Allan as Dr. Signey Freedman
Yes, he played the psychiatrist on MASH!
Ahead of the times,  Diane had a plan to sell limited editions of 10 of her photographs in a clear box that doubled as a frame for $1,000 per set.While only four sets sold, one set was sold to the artist Jasper Johns and two sets to photographer Richard Avendon!  (one set recently sold for $553,000).
A Young Man in Curlers at Home on West 20th St. NYC 1967
In 1971 she was chosen to represent the United States in the 1972 Venice  Biennale – the FIRST American photorapher to be so honored.

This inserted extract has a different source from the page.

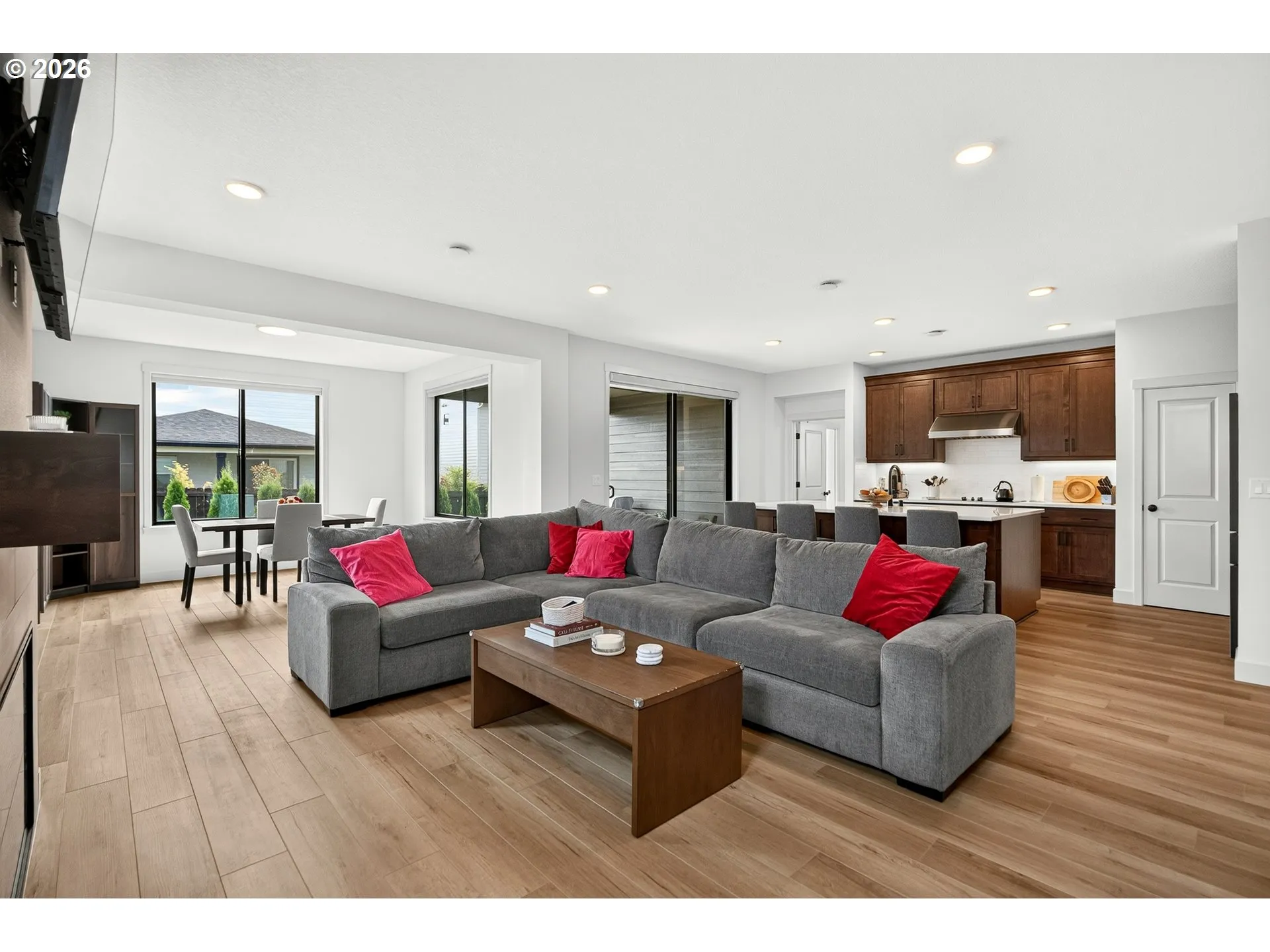 Living Room/Dining Room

Unfortunately, in 1971 she was ovewhelmed by what she called “the blues”. On July 26, she took barbituates and slit her wrists and was found in her West Village apartment two days later.
Identical Twins 1967
Circus Performer
She was also the subject of a movie starring Nicole Kidman - FUR, An Imaginary Portrait of Diane Arbus (2006)


Some of my favorite quotes:
“Love involves a peculiar unfathomable combination of understanding and misunderstanding.”
“A photograph is a secret about a secret. The more it tells you the less you know.”
“The world can only be grasped by action, not by contemplation. The hand is the cutting edge of the mind.”
What do you think of Diane Arbus and her photographs? I think a series about the entire family on PBS - or on American Masters - would be so interesting!